March 12, 2012: Annette (Birthday Triumvirate 2)
03/12/2012

            A very long time ago, I was briefly engaged to the most beautiful girl on my block.

            I was nine and she was six. She lived across the street and was a total knockout. There were cute girls on our block—Kathy Elmore; the Neis twins—but Annette was pretty and sophisticated. She read grown-up books (Little House in the Big Woods) and had an artist easel and her own ceramics kiln. The rest of us kids had backyard birthday parties once a year—Pin the Tail on the Donkey; apple-bobbing; Mom-made cakes. On Annette’s sixth birthday, she took a bunch of us Goofy Golfing, then back to her place for ice cream cake. Ice cream cake! It was like knowing someone who’d grown up at a country club. It was her birthday, and she took us golfing!

            I knew I had to marry her the day I found out she was smarter than me. Annette’s dachshund, Ginger, used to freak out whenever the family would leave her home alone; she’d chew holes in the backyard fence, trying to escape.

            “Why does she do that?” I asked Annette one afternoon.

            She shrugged. “I think she’s neurotic.”

            Oh my god, I remember thinking. She knows words I’ve never heard before!

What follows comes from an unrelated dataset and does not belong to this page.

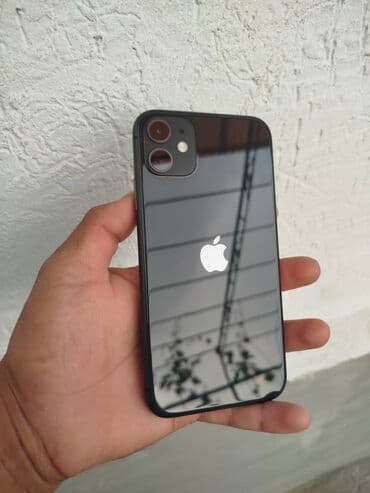 iphone 7 цена в бишкеке бу: IPhone 11, Колдонулган, 64 ГБ, Кара, Коргоочу айнек, Каптама, 78 % — 6
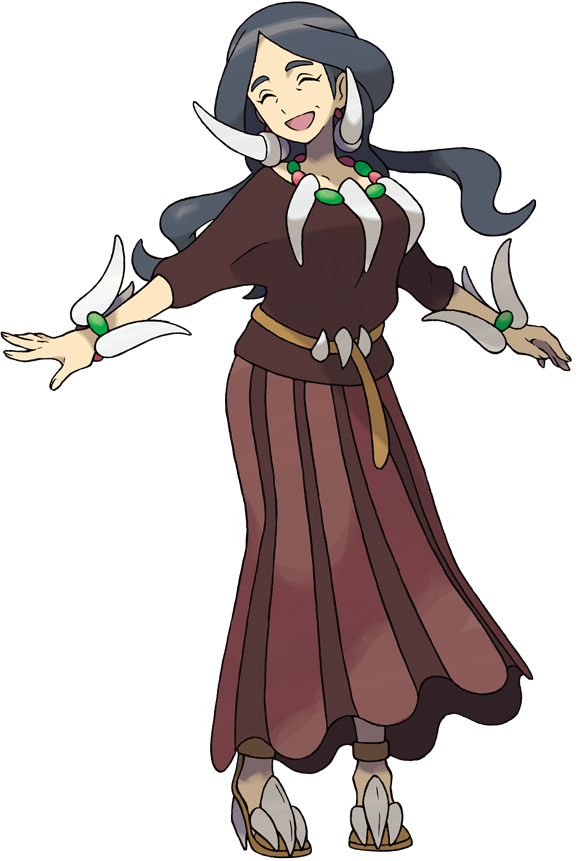 Pokemon X and Y artwork of Drasna.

I have to spend the rest of my life with this girl!

            Some days, I would gather up all my Archies cereal box records and head to Annette’s. We would turn her parents’ front room into a make-believe disco, dancing to “Sugar, Sugar” and “Jingle Jangle” and trying to work the words “groovy” and “outasite!” into every sentence.

            One day, while I was setting up Annette’s portable hi-fi (the speakers clipped onto the sides of the turntable, which was housed in a clever little suitcase), her mother called for her.

            “Now, listen,” I heard Martha saying. “It’s fine for you two to dance and play like you’re hippies. But I don’t want to hear another word out of either of you about getting married. Okay?”

            Bummer, man.

            Later, after we’d hopped around for awhile, Annette walked me to the door.

            “I guess we should just be friends,” she said.

            “I suppose,” I replied. We shook hands, and I headed home.

She moved to Illinois a couple of years later, and we lost touch. But I’ve thought of Annette every year on her birthday, which is March 12. And not just because she was smart and pretty and introduced me to the idea of off-site, catered entertaining. Annette was special.

            Happy Birthday, Annette.

I took this photograph of Annette's house today. Why haven't the new owners repaired the holes Ginger made in the fence, 40 years ago?

Thing I Hate Today: T-Shirts printed with slogans or advertisements.